■ **About this task**: Everything in the listing below must be reproduced exactly, apart from its images.

■ **Information supplied**:
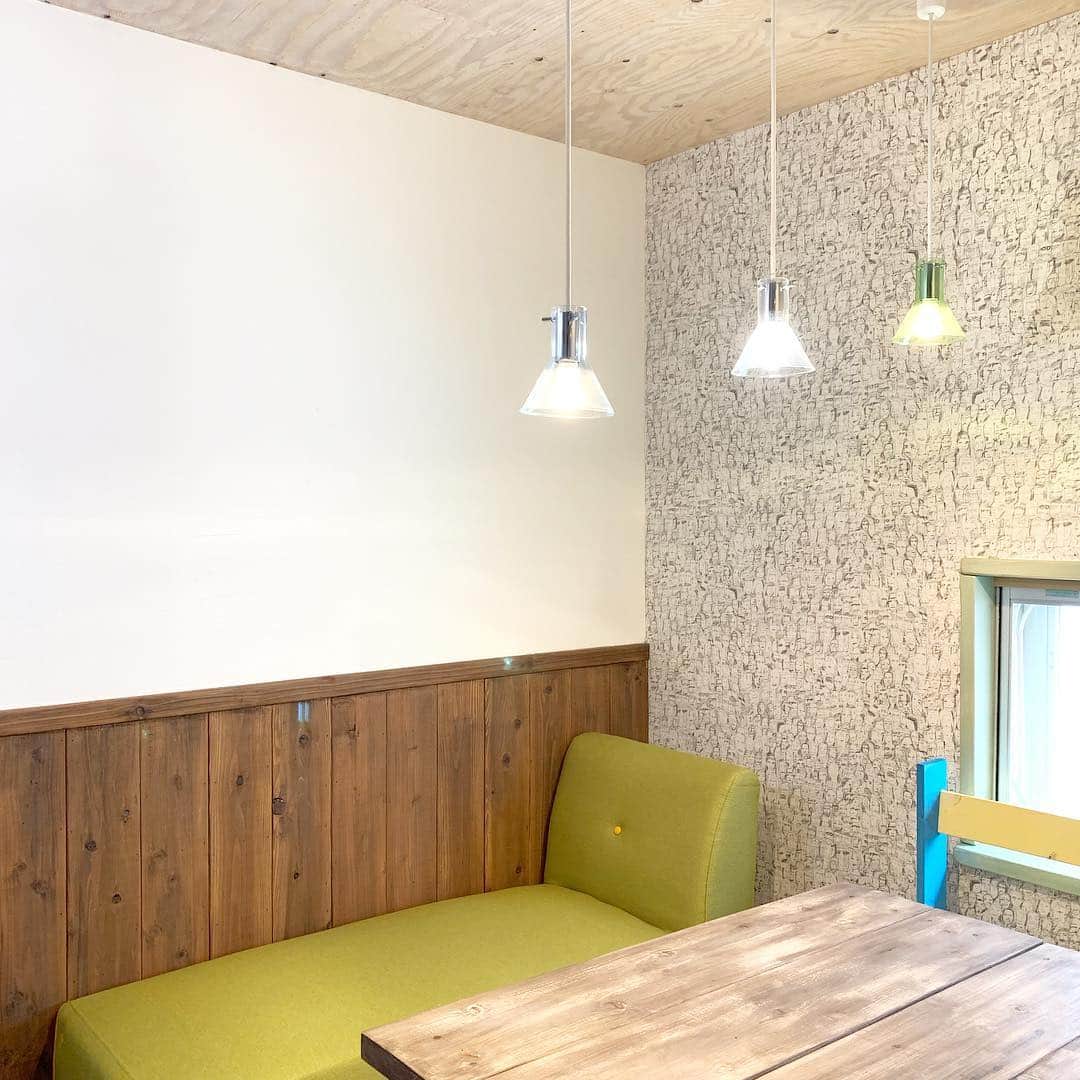 SUNNYDAY工務店さんのインスタグラム写真 - (SUNNYDAY工務店Instagram)「・ Sunnyday工務店の 2F打ち合わせスペース🏠 ・ 自然塗料で仕上げた板壁に スイス漆喰🇨🇭の組み合わせはベストマッチ👍😃 スイスのカルクウォールは 天然成分100%の本漆喰！ 呼吸する壁は 室内の空気を常に綺麗にしてくれます(アレルギーの方に喜ばれます) ・ pic２枚目 10色の天然鉱物顔料で自由な色に変える事も可能☺️ こちらの顔料を使った 手形アートのイベントもございます✨ ・ pic３枚目 言わないと気付いてもらえない 壁紙の柄😁 顔がいっぱいなんですっ！ どの顔がお好み？ ・ 完全注文住宅ですので こういった遊びもできます👍 壁の一面だけ 柄物でもオシャレですよ。 ・ 🏠毎月第1、3日曜日は [Sunnyさんのおうち相談会] おうちを建てる時期、ローンの事、店舗... なんでもご相談下さい☀️ ＊要予約.お時間お日にちご相談にのります ・ サニーデイ工務店 ☎︎0725-58-7428 🔸 #sunnyday工務店#sunnydaykohmuten#サニーデイ工務店#工務店#忠岡#泉大津#和泉市#新築#リフォーム#リノベーション#自然素材#自然素材のおうち#お家#漆喰#自然塗料#体に優しいおうち#注文住宅#注文住宅大阪#スイス漆喰#カルクウォール」8月2日 16時17分 - sunnyday_321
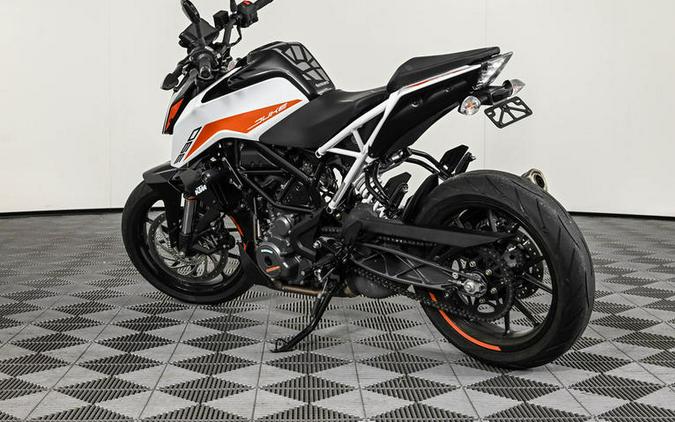 2022 KTM 390 Duke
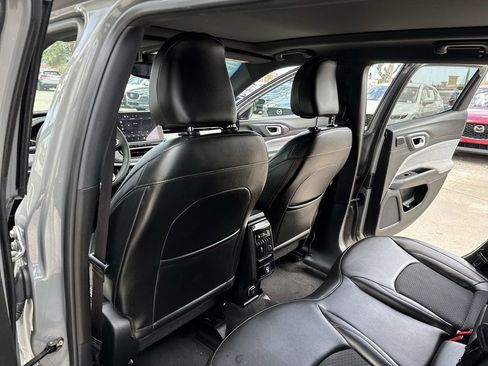 Used 2023 Jeep Compass Latitude w/ Sun and Sound Group image 35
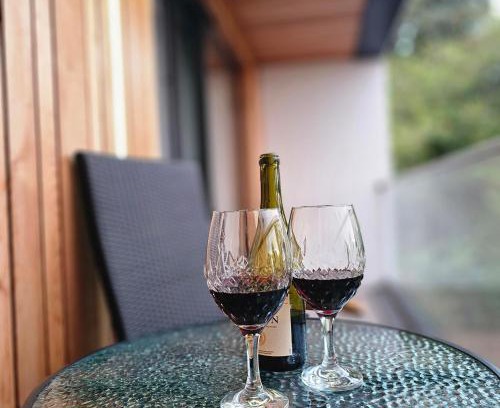 Girton Apartment | Modern Trinity Apartment: Guest Rated 9.5 & Child Friendly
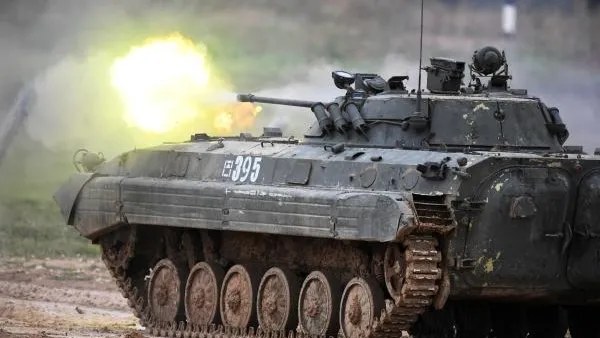 Минобороны в ближайшие два года получит более 120 новых БМП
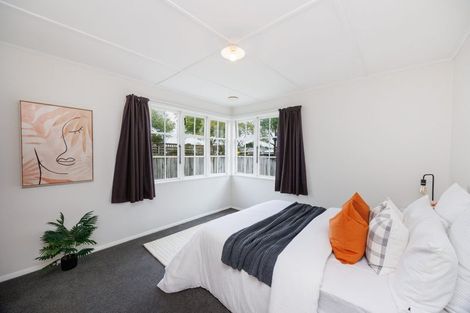 Photo of property in 654 Featherston Street, Roslyn, Palmerston North, 4414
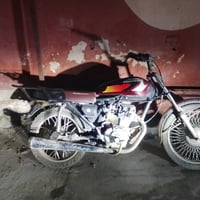 اخوان ماطور تيكر شغل بس ما بي بنزين جيب بنزين او تعل شغلو ادفع سعر او ...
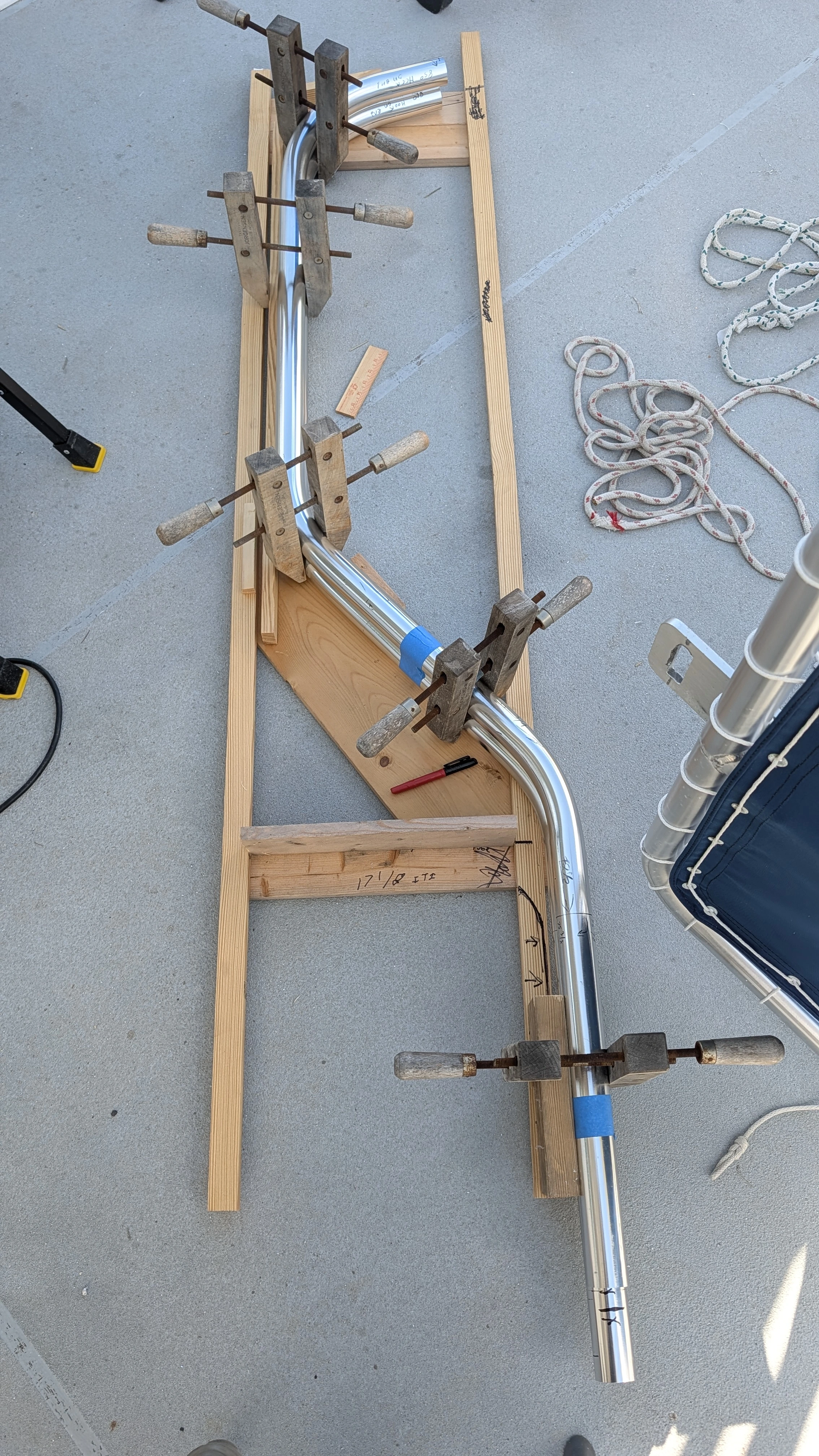 jig for inner truss legs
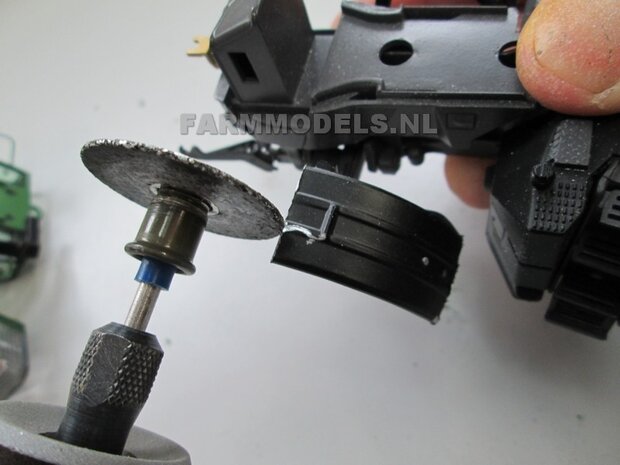 &Oslash; 65.6 x 28.5 mm: Fendt 926/930 WeiseToys: 2x Brede Achteras banden + velgen FENDT ROOD gespoten geleverd 1:32 Custom Line Series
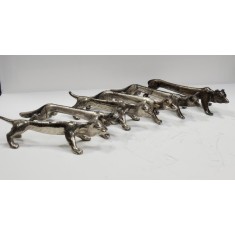 Sase suporturi pentru tacamuri, Secol XX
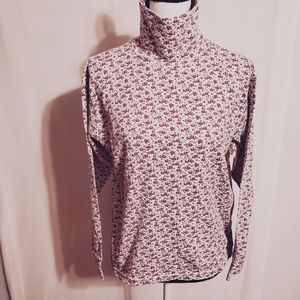 'Separate Issue' Burgandy & White Turtleneck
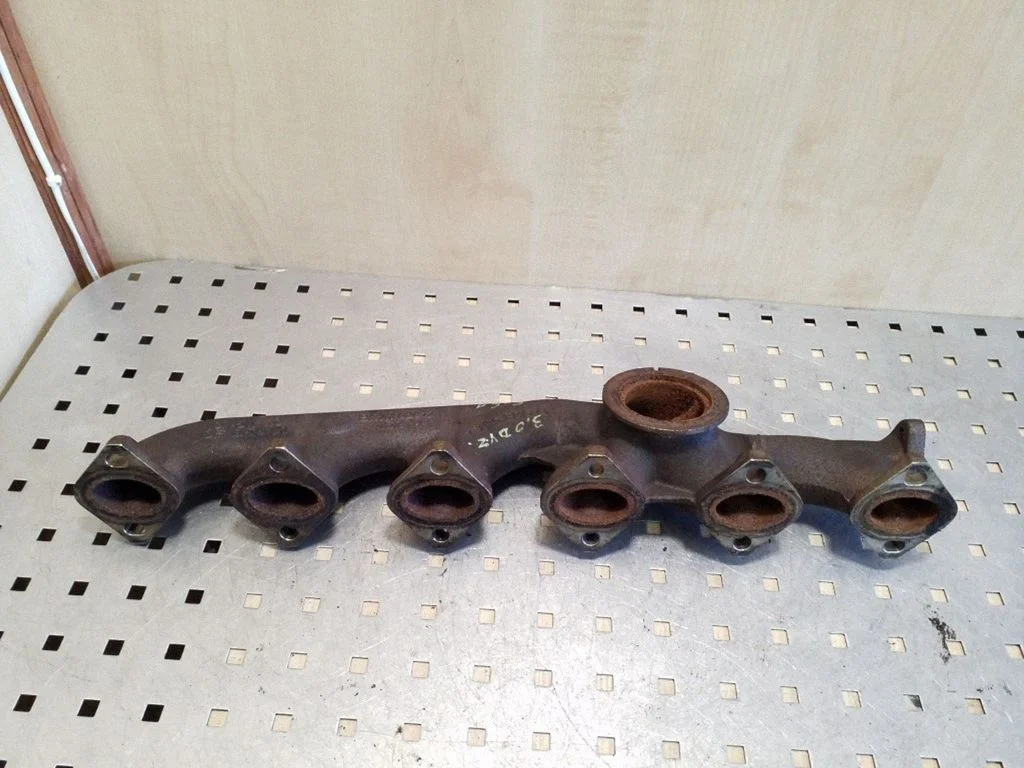 Exhaust manifold 7796886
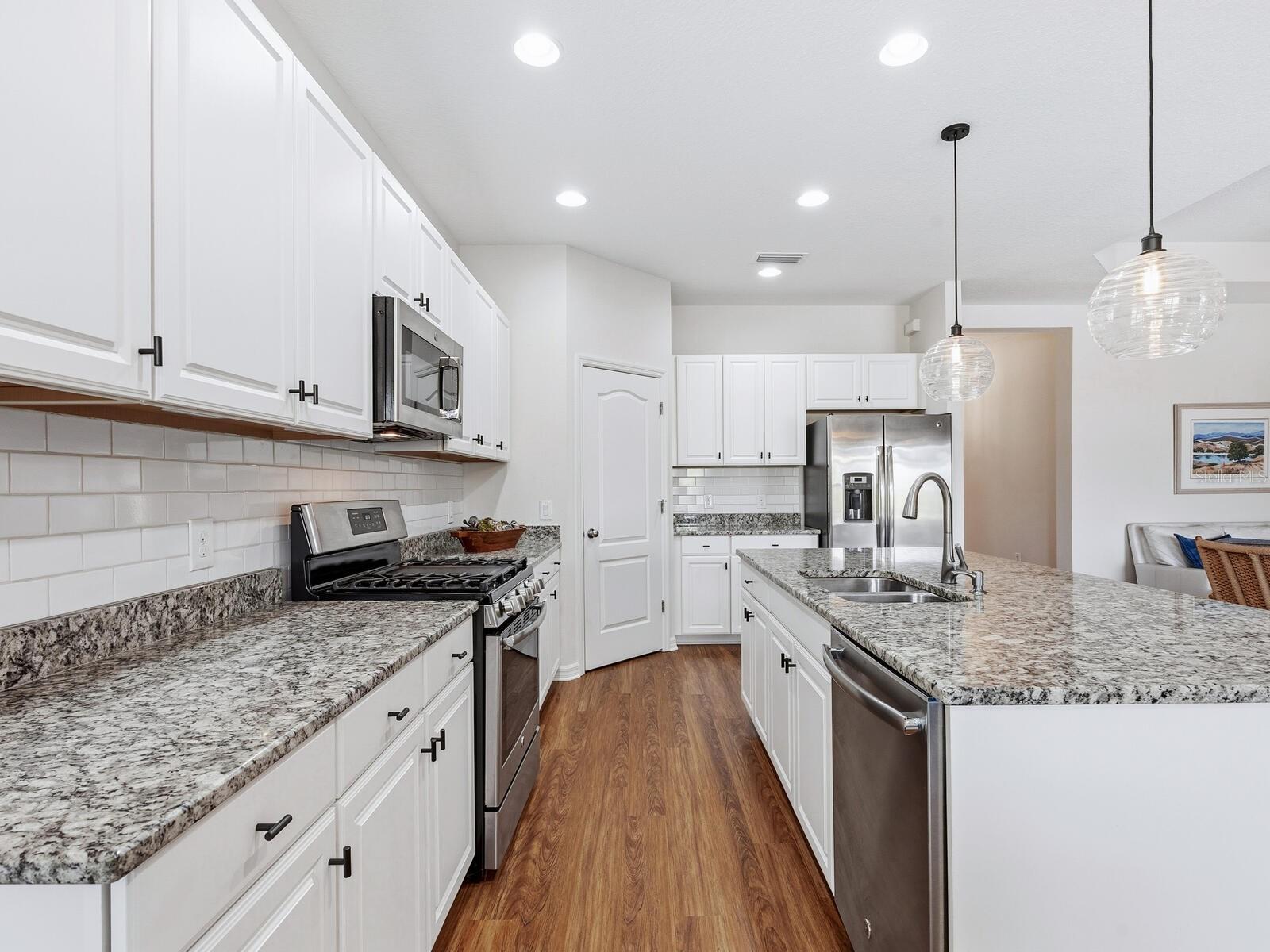 Image 11 of 35 For 209 Malina Court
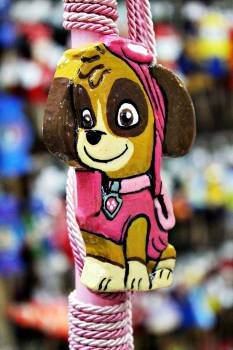 Πλακέτα σε λαμπάδα πλακέτα ροζ σκυλάκι 36εκ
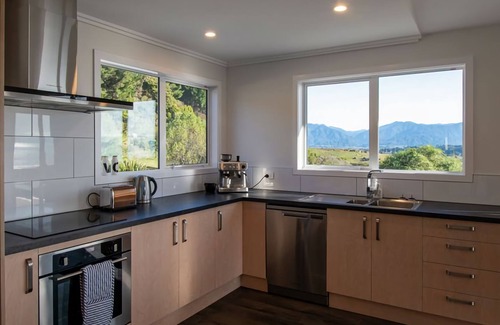 Pohara House | Bay Vista in Golden Bay
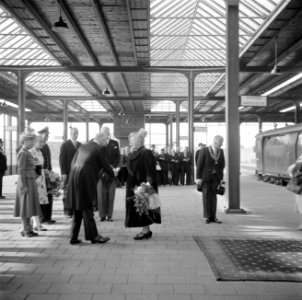 Aankomst op het Amstelstation, voor haar laatste intocht in Amsterdam als regere, Bestanddeelnr 255-7248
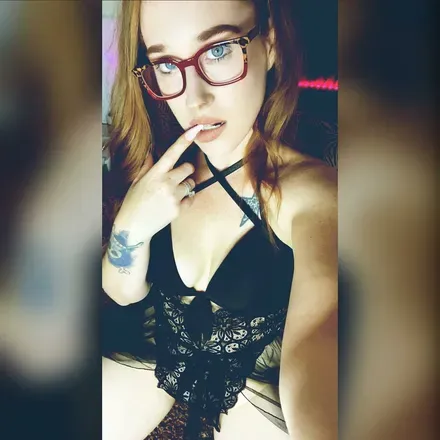 OnlyFans cuenta ajbredtemptress avatar 1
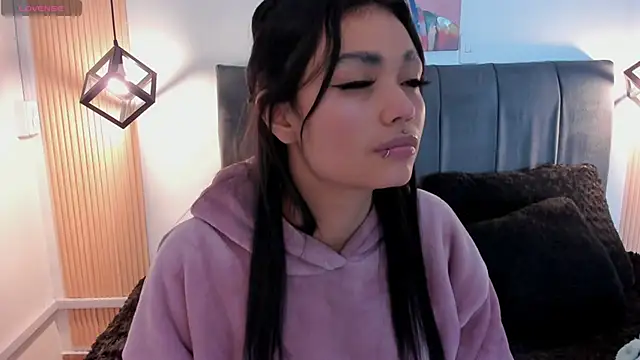 Evaa rosee  online show from September 29, 2025, 11:48 am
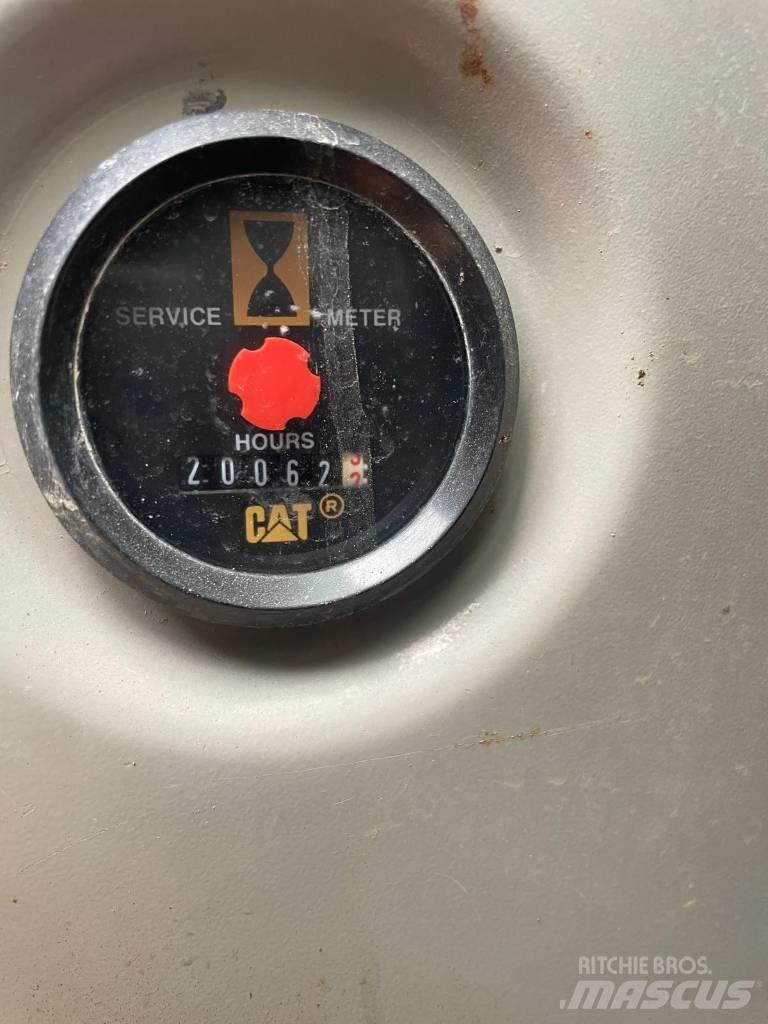 CAT 321 C LCR حفارات زحافة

■ **Result for this task**:
 SUNNYDAY工務店さんのインスタグラム写真 - (SUNNYDAY工務店Instagram)「・ Sunnyday工務店の 2F打ち合わせスペース🏠 ・ 自然塗料で仕上げた板壁に スイス漆喰🇨🇭の組み合わせはベストマッチ👍😃 スイスのカルクウォールは 天然成分100%の本漆喰！ 呼吸する壁は 室内の空気を常に綺麗にしてくれます(アレルギーの方に喜ばれます) ・ pic２枚目 10色の天然鉱物顔料で自由な色に変える事も可能☺️ こちらの顔料を使った 手形アートのイベントもございます✨ ・ pic３枚目 言わないと気付いてもらえない 壁紙の柄😁 顔がいっぱいなんですっ！ どの顔がお好み？ ・ 完全注文住宅ですので こういった遊びもできます👍 壁の一面だけ 柄物でもオシャレですよ。 ・ 🏠毎月第1、3日曜日は [Sunnyさんのおうち相談会] おうちを建てる時期、ローンの事、店舗... なんでもご相談下さい☀️ ＊要予約.お時間お日にちご相談にのります ・ サニーデイ工務店 ☎︎0725-58-7428 🔸 #sunnyday工務店#sunnydaykohmuten#サニーデイ工務店#工務店#忠岡#泉大津#和泉市#新築#リフォーム#リノベーション#自然素材#自然素材のおうち#お家#漆喰#自然塗料#体に優しいおうち#注文住宅#注文住宅大阪#スイス漆喰#カルクウォール」8月2日 16時17分 - sunnyday_321
 2022 KTM 390 Duke
 Used 2023 Jeep Compass Latitude w/ Sun and Sound Group image 35
 Girton Apartment | Modern Trinity Apartment: Guest Rated 9.5 & Child Friendly
 Минобороны в ближайшие два года получит более 120 новых БМП
 Photo of property in 654 Featherston Street, Roslyn, Palmerston North, 4414
 اخوان ماطور تيكر شغل بس ما بي بنزين جيب بنزين او تعل شغلو ادفع سعر او ...
 jig for inner truss legs
 &Oslash; 65.6 x 28.5 mm: Fendt 926/930 WeiseToys: 2x Brede Achteras banden + velgen FENDT ROOD gespoten geleverd 1:32 Custom Line Series
 Sase suporturi pentru tacamuri, Secol XX
 'Separate Issue' Burgandy & White Turtleneck
 Exhaust manifold 7796886
 Image 11 of 35 For 209 Malina Court
 Πλακέτα σε λαμπάδα πλακέτα ροζ σκυλάκι 36εκ
 Pohara House | Bay Vista in Golden Bay
 Aankomst op het Amstelstation, voor haar laatste intocht in Amsterdam als regere, Bestanddeelnr 255-7248
 OnlyFans cuenta ajbredtemptress avatar 1
 Evaa rosee  online show from September 29, 2025, 11:48 am
 CAT 321 C LCR حفارات زحافة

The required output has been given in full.